The Lakers’ hopeful free agent summer is over. LeBron James went back home to Cleveland. Carmelo Anthony remained with the New York Knicks.
Instead, one of the most treasured franchises in the National Basketball Association managed to draw frowns with the acquisitions of Jeremy Lin in a trade from Houston and the resigning of Nick Young and Jordan Hill.
Oh, they also locked up their first round draft pick, Julius Randal, for the next three years in a multi-year.
Now, the Lakers brass of Mitch Kupchak and Jim Buss must decide is who will coach this odd cast of players that will also include Steve Nash and Kobe Bryant.
The leading candidate mentioned for the past several days and weeks has been former Laker star and Morningside High graduate Byron Scott.

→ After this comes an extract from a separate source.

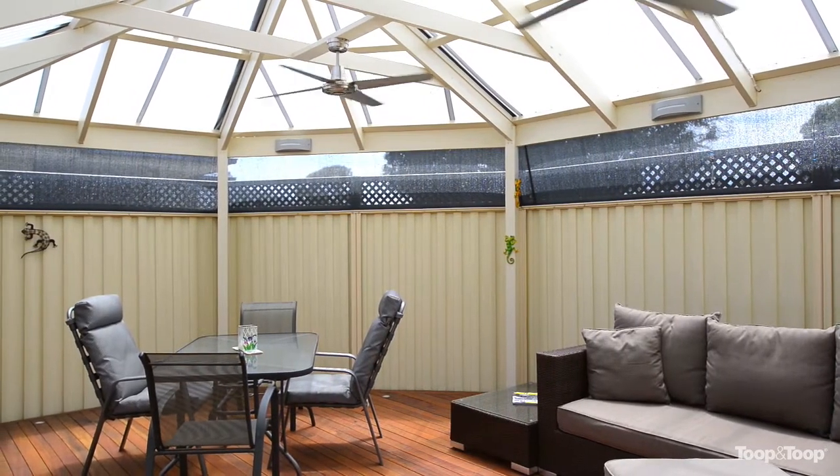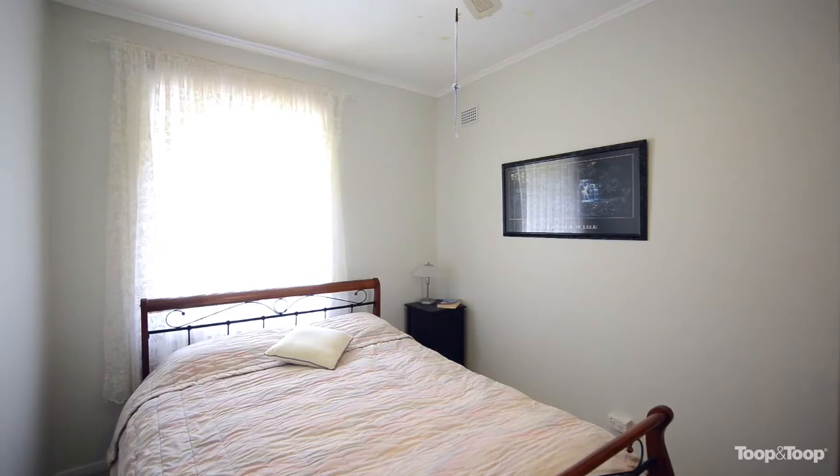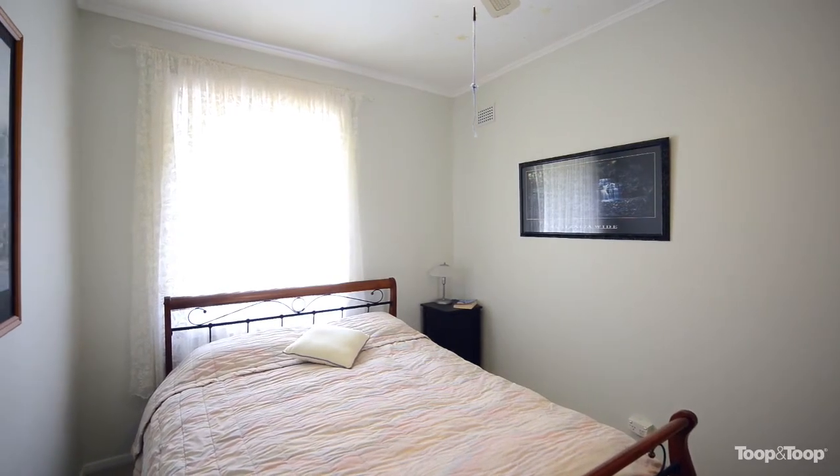What I love about this home the most is the location — it's fantastic. It's central to get out onto Marion Road and up into the city. We've got everything here in Morphettville.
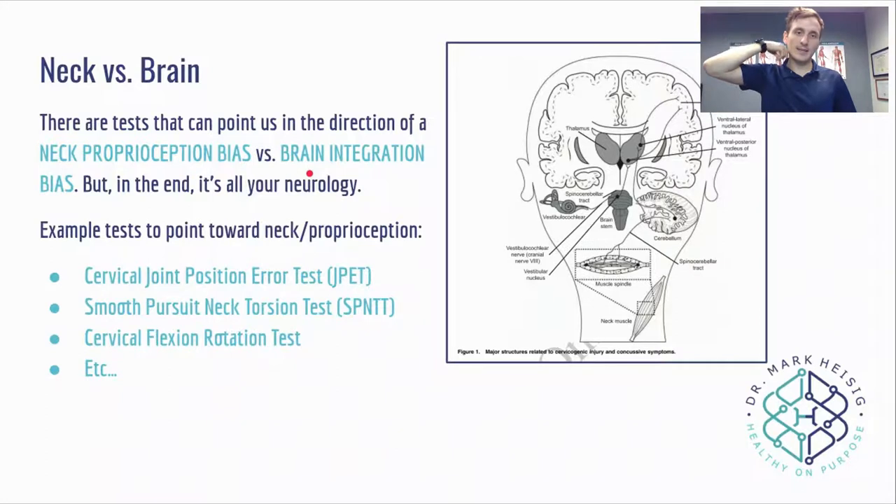Is the problem more because your neck is wonky, or because your visual or vestibular systems are wonky? Example tests include cervical joint position error — we put a laser on your head shooting at the wall, ask you to turn your head all the way, close your eyes, and come back to center. People often can't find center because their neck is disrupting muscle spindle feedback. The smooth pursuit neck torsion test is like the VOMS assessment, but tested with your head rotated to each side. You might feel fine looking forward and to the right, but get dizzy or blurry vision when your head is turned left — indicating those neck muscles are involved.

Scott has had several meetings with Lakers brass and they have discussed everything from strategy to who the assistants will be – everything, except for a contract.
He starred with the Lakers for 10 seasons and was a key component of the Showtime era with Magic Johnson, Kareem Abdul Jabbar and James Worthy.

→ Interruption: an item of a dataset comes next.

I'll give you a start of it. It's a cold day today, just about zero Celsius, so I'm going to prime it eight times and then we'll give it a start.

For years it seems that he has been their ideal candidate, one that probably would have been hired already if the late Dr. Jerry Buss were alive.
But, these are not the Dr. Buss Lakers. That much was apparent when the team could not convince Dwight Howard to stay last season and entice Anthony to leave New York to come.
This Laker front office pushed all of their chips in the middle of the court for Bryant and a big nugget for Nash, two players closer to the end of their once promising careers.
The mystery of the lack of movement in securing Scott to become their next coach, especially after he was opening endorsed by Bryant, who he was once a teammate with, is confusing.
Either he Lakers are moving away from Scott who has eight losing seasons on his 13 season coaching resume, or they have already decided to hire him.
Scott’s 416-521 career mark as coach is rather deceiving. In New Jersey he led the Nets to back-to-back NBA Finals in 2001 and 2002.
However, in six seasons with New Orleans – when he coached both Baron Davis and Chris Paul – his teams were vastly inexperienced and lacking the essential talent to compete for championships.
Then in Cleveland the past three years, he was brought in with hopes of righting the ship until The King Returned, but that went south with a young team that was injury prone.
Perhaps the Lakers feel ‘what’s the use in hiring a coach when we all have a sense of what the outcome will be?’
The NBA summer league is about to conclude in Las Vegas, when having a coach would have been most appropriate, but not necessary.
Byron Scott is more than the best candidate for this job. He’s the only candidate!
If that is the case then why have the Lakers not hired him?